I’ve spent years around artists, and if there’s one thing I know for sure, it’s that success at that level is never random. I’ve seen incredible talent up close. Voices that could carry arenas. Writers who can create magic in minutes. Producers who can hear hits before anyone else even understands the sound. And still, most of them never reach that level. Not because they aren’t gifted, but because that level requires something else entirely. It requires discipline, vision, and a willingness to organize your life around that vision in a way that most people simply won’t do.

Because when you really sit with how intentional Michael was, it forces a kind of uncomfortable honesty. You start looking at your own gifts, whatever they are, whether they’re fully developed or still in their early stages, and you have to ask yourself if you’ve been as responsible with them. Not perfect, not even close, but intentional. Have you written it down, mapped it out, protected it, pushed it, believed in it when it didn’t yet make sense to anyone else. Or have you, like most of us at times, relied on the idea that talent alone would eventually speak for itself.
That realization doesn’t feel condemning, it feels clarifying. Because if his level of excellence was built on that kind of focus, then it also means there’s a blueprint there, not to become him, but to understand what we’ve been leaving on the table.

And then there’s Joe Jackson, which is where the conversation gets even more uncomfortable. You can acknowledge the pain, the difficulty, the very real criticisms of how he parented, and still recognize that he had an extraordinary eye for talent and development. Watching it play out, I couldn’t ignore the fact that he identified greatness early and pushed it with a level of precision that shaped what we would eventually see. It’s uncomfortable, but it’s also part of the truth. Michael was given a foundation, but what he did with it was his own choice, and he chose to expand it beyond anything that had been built for him.
What really stayed with me, though, is this idea of what it takes to become a one of one. Not just excellent, but singular. When you start naming artists who live in that space, the list is small. Beyoncé. Kanye West. Bruno Mars. And with every one of them, there’s always a conversation beyond the art. There’s sacrifice. There’s intensity. There’s a level of commitment that doesn’t feel normal, because it isn’t.

To stand out that much requires a kind of belief that borders on delusion. You have to see yourself in a way that the world has not yet agreed with, and then move like it’s already true. And not just when it’s convenient, but consistently, even when it costs you personally. Time, relationships, comfort, privacy. All of it becomes secondary to the vision.

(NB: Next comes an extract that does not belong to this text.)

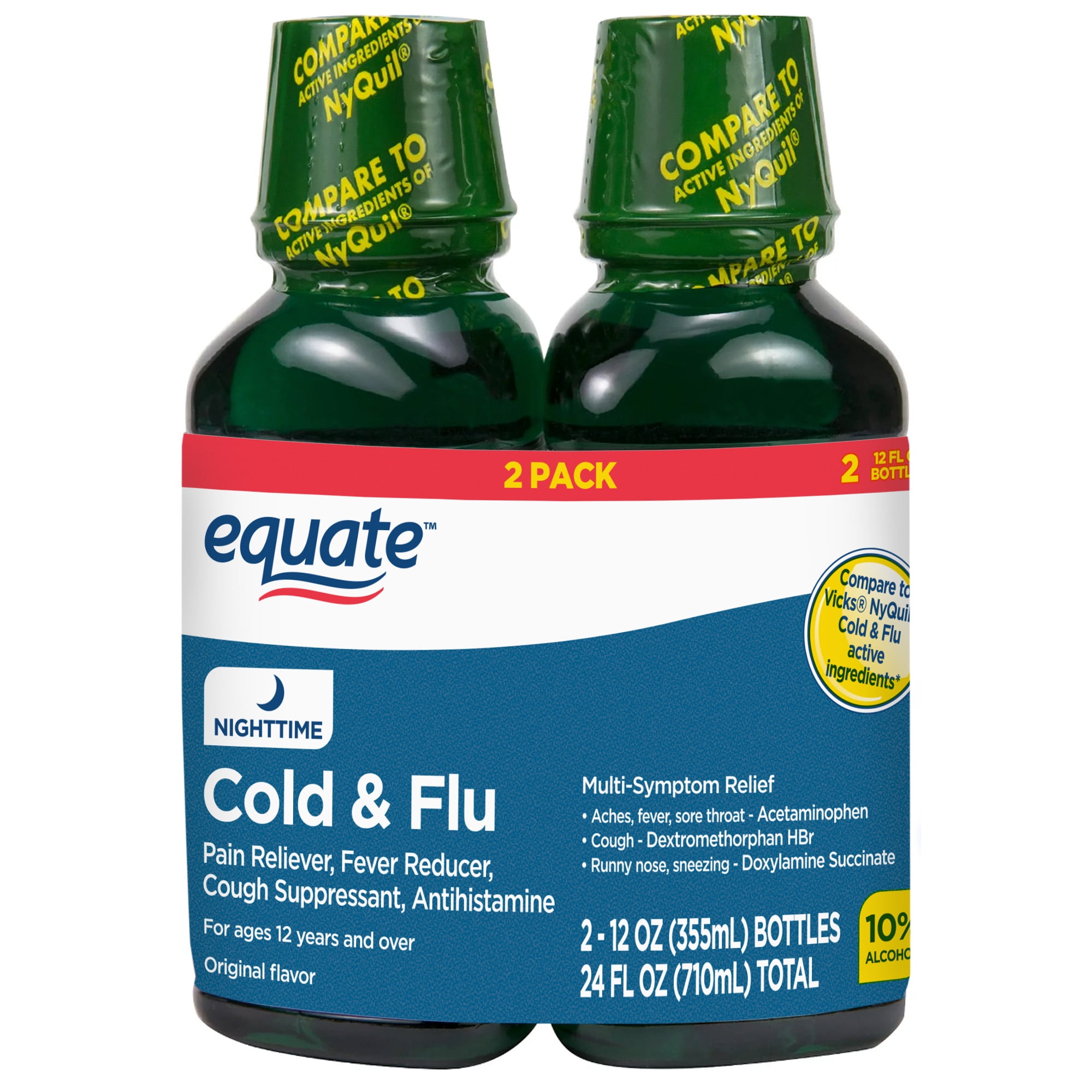 Equate Nighttime Cold Flu Relief Liquid Original Flavor 24 fl oz 2 Count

That’s what I felt watching Michael’s story this time. Not just admiration, but an understanding of the cost behind the greatness.
And that’s also why Jaafar Jackson stood out to me in such a powerful way. It would have been easy for him to lean on resemblance or legacy, but what came through felt much deeper than that. It felt like he understood that what made his uncle extraordinary wasn’t just the voice or the movement, it was the intention, the discipline, the willingness to disappear into the work completely.

Four years of preparation is not casual. Immersing yourself to the point of studying not just the performances but the life, even going to visit Bubbles at a sanctuary, that speaks to something internal. That’s someone reaching for the intangible, trying to access the mindset, not just the image. And I think audiences can feel that. It’s why, regardless of where people land on the film itself, there’s a consistent respect for what he delivered.

For me, this entire experience shifted something. It made Michael feel less like an exception and more like a case study in what happens when vision, discipline, and belief align at the highest level. It also serves as a reminder that while talent may open the door, it is intention that decides how far you walk through it.